(EXERCISE OBJECTIVE)
For this exercise, copy out each line of the material below that includes "Hotel".

(DATA)

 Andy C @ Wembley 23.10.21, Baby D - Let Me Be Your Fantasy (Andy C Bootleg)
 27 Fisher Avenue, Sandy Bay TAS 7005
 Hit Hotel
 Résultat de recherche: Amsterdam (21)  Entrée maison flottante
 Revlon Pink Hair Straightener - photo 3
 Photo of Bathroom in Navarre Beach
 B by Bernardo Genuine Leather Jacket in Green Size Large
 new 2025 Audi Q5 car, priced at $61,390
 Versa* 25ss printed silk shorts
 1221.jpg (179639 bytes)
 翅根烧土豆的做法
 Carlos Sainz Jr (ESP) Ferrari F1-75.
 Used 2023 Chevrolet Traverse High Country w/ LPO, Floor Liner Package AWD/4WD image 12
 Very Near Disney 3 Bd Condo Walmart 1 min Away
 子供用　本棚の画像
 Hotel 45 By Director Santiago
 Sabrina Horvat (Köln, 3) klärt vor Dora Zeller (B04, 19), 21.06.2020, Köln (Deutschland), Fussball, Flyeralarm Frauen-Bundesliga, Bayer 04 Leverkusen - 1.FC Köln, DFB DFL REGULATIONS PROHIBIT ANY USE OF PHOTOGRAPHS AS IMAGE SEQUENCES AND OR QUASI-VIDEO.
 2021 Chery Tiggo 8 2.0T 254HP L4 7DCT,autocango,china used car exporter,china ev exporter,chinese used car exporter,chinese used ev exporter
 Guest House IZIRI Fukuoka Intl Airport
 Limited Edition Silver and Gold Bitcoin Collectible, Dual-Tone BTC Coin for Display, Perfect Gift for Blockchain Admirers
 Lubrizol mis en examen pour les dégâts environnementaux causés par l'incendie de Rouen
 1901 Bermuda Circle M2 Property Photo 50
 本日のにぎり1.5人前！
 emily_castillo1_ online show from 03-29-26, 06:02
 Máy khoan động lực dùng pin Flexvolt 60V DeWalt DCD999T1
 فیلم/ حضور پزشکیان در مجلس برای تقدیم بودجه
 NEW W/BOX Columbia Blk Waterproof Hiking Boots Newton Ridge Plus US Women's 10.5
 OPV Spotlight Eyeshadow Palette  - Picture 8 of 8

(TASK RESULT)
 Hit Hotel
 Hotel 45 By Director Santiago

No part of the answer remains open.